Erol ERDOĞAN 12 Nis 2017

Erol ERDOĞAN
Tüm Yazıları
16 Nisan'da oylayacağımız Cumhurbaşkanlığı hükümet sistemiyle ilgili yazı, söyleşi ve seminerlerimde, evet ve hayır cephelerinin, bazı maddelere muhalefette ortaklaştığını pek çok defa dile getirmiştim.

16 Nisan’da oylayacağımız Cumhurbaşkanlığı hükümet sistemiyle ilgili yazı, söyleşi ve seminerlerimde, evet ve hayır cephelerinin, bazı maddelere muhalefette ortaklaştığını pek çok defa dile getirmiştim. Evet ve Hayırcıların ortaklaşa muhalefet ettikleri veya endişe duydukları iki husussun başında 18-24 yaşa seçilme hakkı ve 600 milletvekilliği geliyordu.

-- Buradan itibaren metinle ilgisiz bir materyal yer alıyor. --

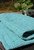 LinenMe kylpypyyhe 100% pellavavohveli 75x130cm vedenvihreä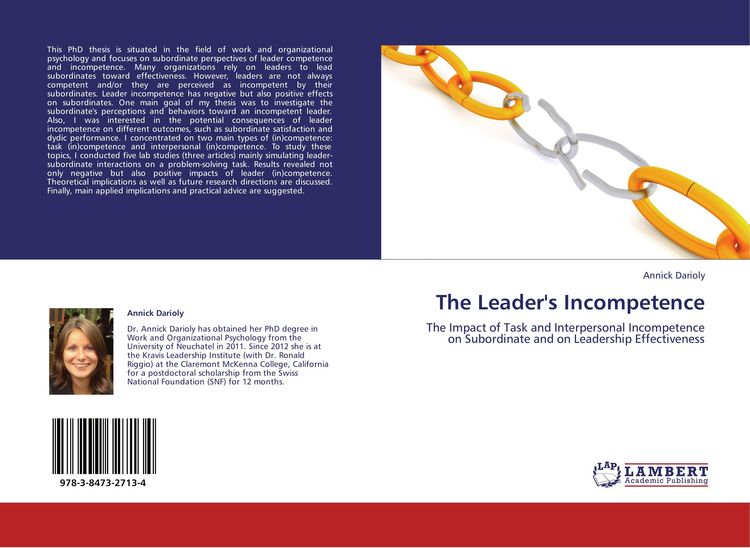 Produktbild: The Leader's Incompetence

600 milletvekilliği ve otoriterlik konularında CHP ve HDP’li seçmenler belirgin şekilde muhalefet ortaya korken, 18-24 yaşa seçilme hakkı verilmesiyle ilgili değişikliğe ise AK Partililer başta olmak üzere dindar ve muhafazakârların tepkilerinin daha yoğun ve sert olduğunu araştırmalarımızda tespit etmiştik.

Evet vermeyi düşündüğü halde, gençlere seçilme hakkını veren bu maddeye tepki gösteren İslamcılar, sağcılar, dindarlar ve muhafazakârlar, kimi zaman şöyle bir yaklaşım da ortaya koyuyorlardı. “Biz bu madde ile hayırcıların eline koz verdik. 18 yaşındaki çocuğa devlet mi teslim edilir?” 

Oysa 18-24 yaşa seçilme hakkına tepki göstermede, evet cephesi hayır cephesinden daha önde gidiyordu. Evet cephesi, bu tavrıyla, kendi kalesine gol atıyor, bunu da fark etmiyor veya gençlik farkındasızlığı aklının önüne geçiyordu. 

Son haftalara girildiğinde, İslamcılar ve sağcıların, gençlerin seçilme hakkına duydukları tepkilerde azalma olduğunu gördüm. Tepki azalmasında, sanıyorum Cumhurbaşkanı Erdoğan, Başbakan Binali Yıldırım ve partili hatiplerin konuyla ilgili kıyaslayıcı ve izah edici açıklamalarının etkisi oldu. 

Bu verileri, gençlik ve eğitim çalışmalarında önemli çabaları olan Bilal Erdoğan ile de, önceki gün, onun bir konferansı sebebiyle aynı ortamda bulunduğum bir anda paylaştım.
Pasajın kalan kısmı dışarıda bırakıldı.